• _PROBLEM DETAILS_:
Only the lines from the one holding "MONACOR MON SP-7W" through the end of the records below are to be reproduced exactly, and pictures are to be omitted.

Caption-style text data

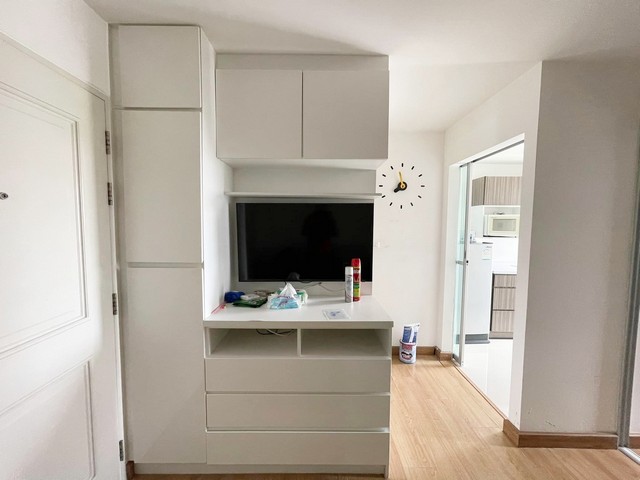 ให้เช่าคอนโด เด็น วิภาวดี 29 ตรม.เฟอร์ครบ เครื่องใช้ไฟฟ้าครบ ใกล้ศูนย์ราชการ พร้อมอยู่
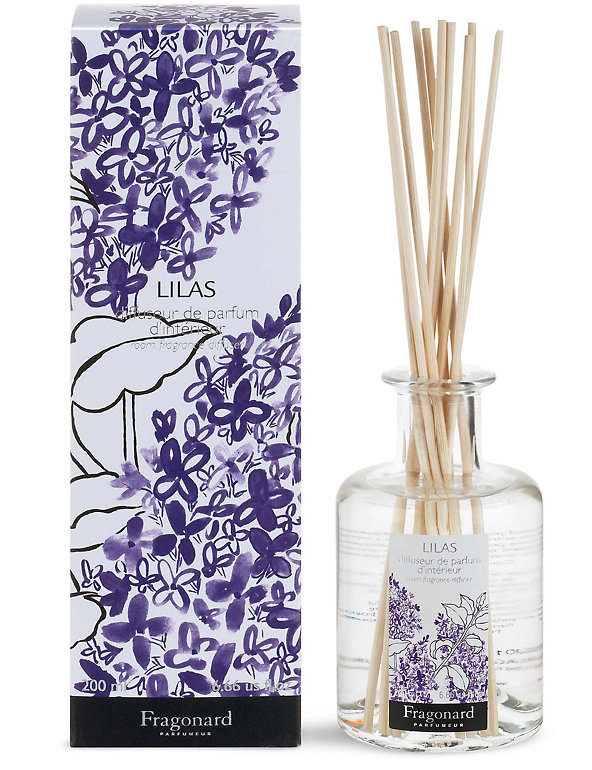 Lilac Diffuser 200ml Image 1 of 2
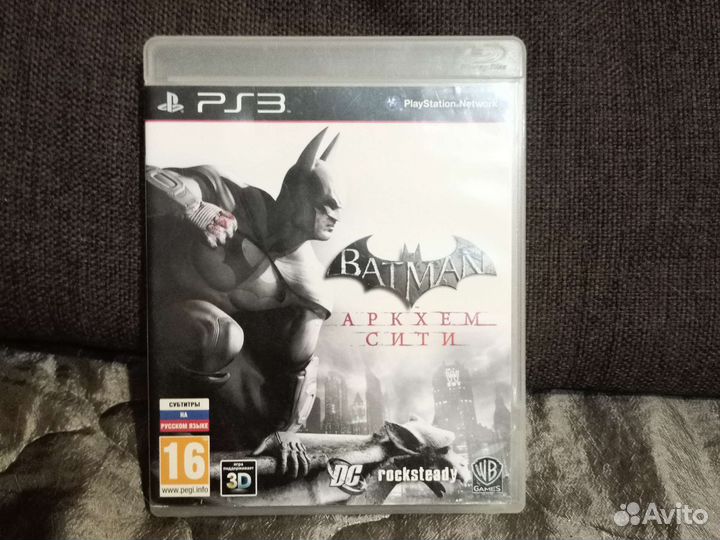 Игры для приставок ps3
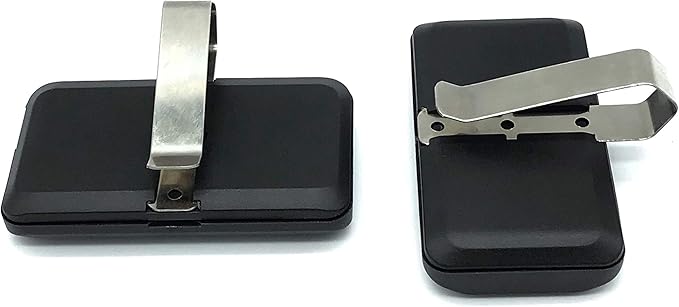 for LiftMaster 893MAX Visor Style Garage Door Opener Remote Transmitter 81LM 371LM 373LM 891LM 893LM 971LM 973LM 2 Pack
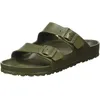 Image de Birkenstock 1019094 Arizona EVA khaki, EVA Homme Khaki EU 44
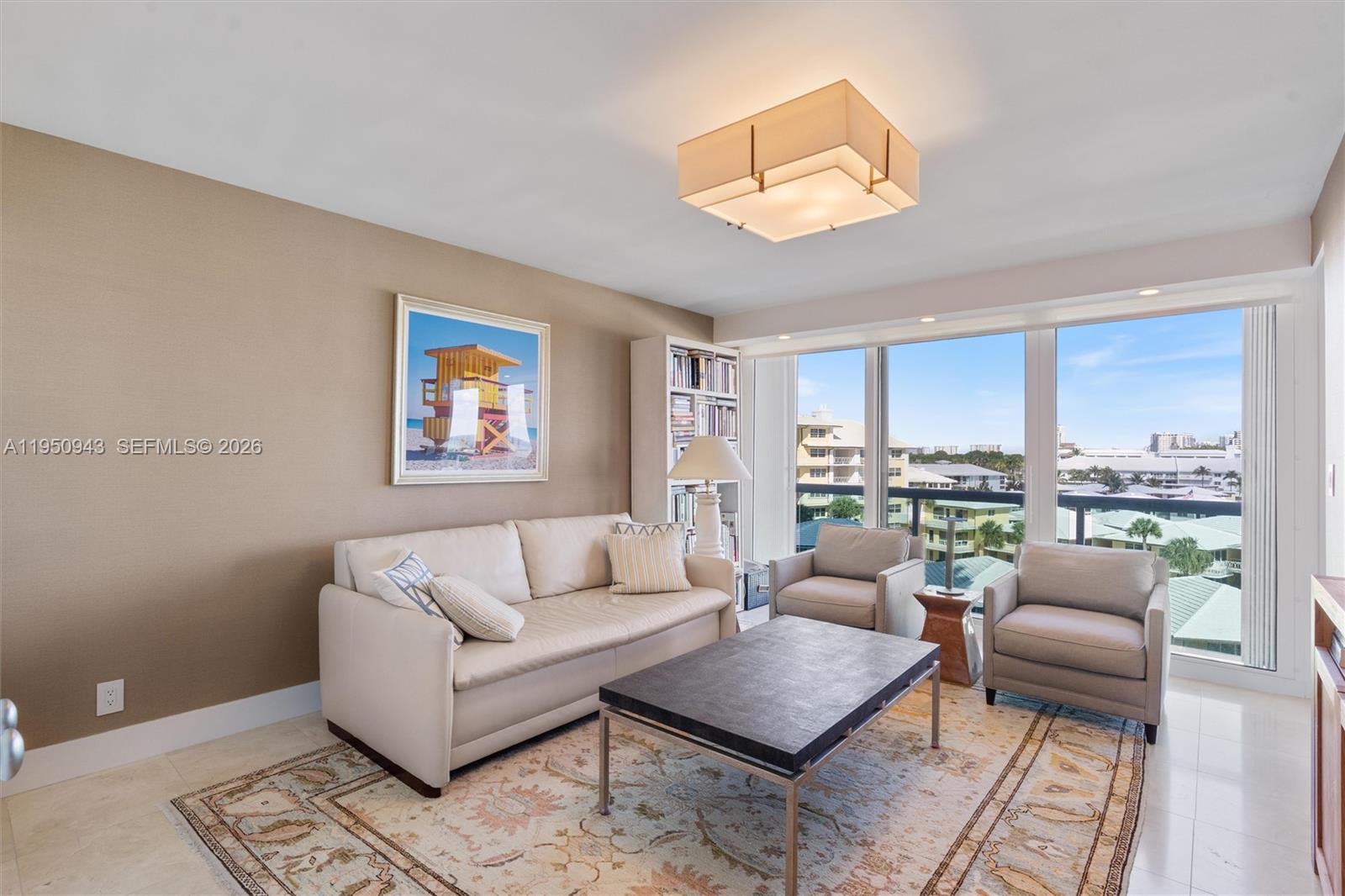 POINT OF AMERICAS - Residential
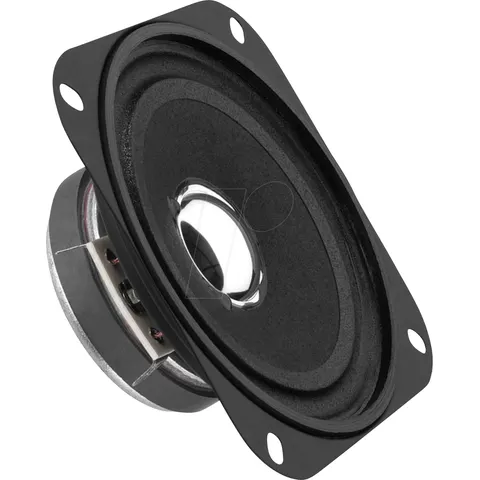 MONACOR MON SP-7W - Full-range speaker SP-7W, 4 W, 8 Ohm – image 1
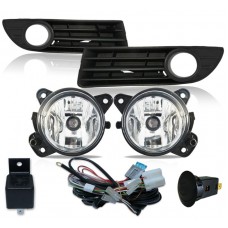 Kit Farol de Milha Polo 2007-2011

• _ANSWER BOX_:
 MONACOR MON SP-7W - Full-range speaker SP-7W, 4 W, 8 Ohm – image 1
 Kit Farol de Milha Polo 2007-2011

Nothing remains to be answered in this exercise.